1 Kings 17:8-10a - Then the Word of the Lord came to him (Elijah), "Arise, go to Zarephath, which belongs to Sidon, and dwell there. Behold, I have commanded a widow there to feed you." So he arose and went to Zarephath.
If there ever was a group of people in the world who had the right to consider themselves special to God, it was ancient Israel. God had created their nation, called them into being, given them a land to live in, and granted them many great promises that would be fulfilled if only they would stay faithful. But of course, they didn't. They left the Lord their God and went after idols, and as a result, famine came on their land.
That was when God did something unexpected. God sent His prophet Elijah out of the country, to a neighboring country full of idol worshipers, where God promised to provide for his needs. There, Elijah found a woman gathering firewood to cook the last meal she had in the house for her family. He asked her to feed him first -- something that must have seemed pretty cheeky to the woman. But she did as he asked, and Elijah's promise came true: "Thus says the Lord, the God of Israel, 'The jar of flour shall not be spent, and the jug of oil shall not be empty, until the day that the Lord sends rain upon the earth" (1 Kings 17:14). The woman and her child and Elijah all ate until the famine ended.

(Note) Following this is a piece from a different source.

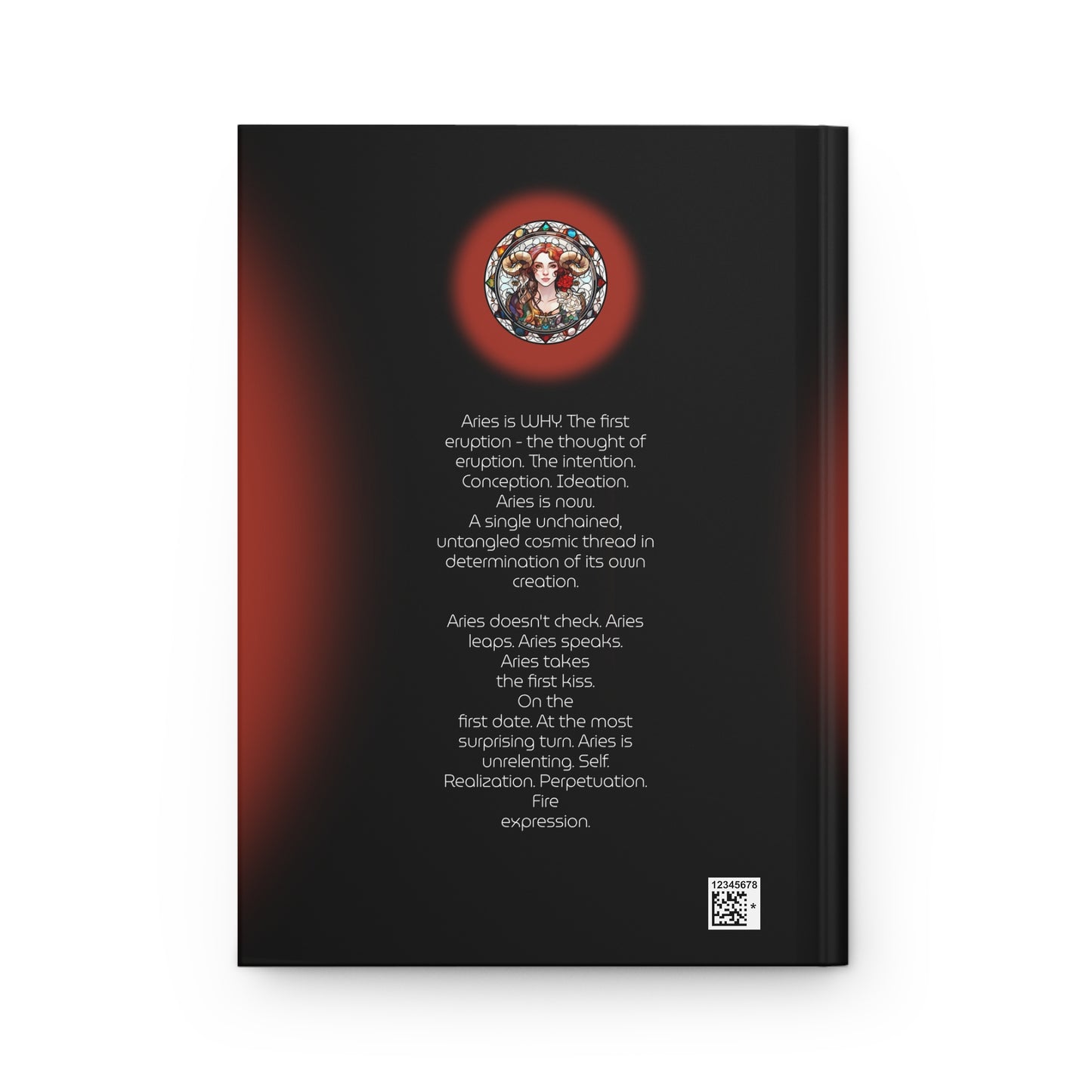 Aries Stained Glass Illustration with Poem Hardcover 150 Page Journal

Look at the Lord's care for outsiders! This woman was no Israelite; she was a widow of Zarephath, which is to say a Gentile and probably an idol worshiper herself. With her husband dead and a dependent son, she was doubtless poor. Her life would have meant nothing to most people then. But to God -- ah, the difference she meant to God. He sent His prophet to her. He provided for her needs and that of her son. Don't you think the woman became a believer in the God of Israel before it was all over?
In today's world, there is backlash against the "others" -- people who are different from us, either in language, color, culture, or economic level. The amount of fear and hatred out there is scary. But God is not participating in that madness. God cares -- not just about the powerful, righteous, orthodox prophet Elijah, but also about the poor, foreign, unwanted woman of Zarephath. And He cares even about us, too, no matter what side of the street we come from.
Jesus got into trouble once for preaching on this story. The people loved His sermon -- until He pointed out that the woman God helped was a foreigner. Then they started yelling. They drove Him out of the synagogue and tried to throw Him off a cliff. But God did not allow that, and Jesus got away (see Luke 4:24-30).
Can we welcome those who are outsiders, just as God did: those who are poor, foreign, speak a different language, or follow other customs? Can we welcome them as God has welcomed us? For certainly, the great majority of us are not descendants of Israel. Yet, in His mercy, God saw to it that the life-saving news of His Son Jesus reached all the way to us -- Jesus, who died for us and for all people.
Indeed, let us show that same welcome to others.
THE PRAYER: Father, help me welcome the ones You love. In Your Son's Name we pray. Amen.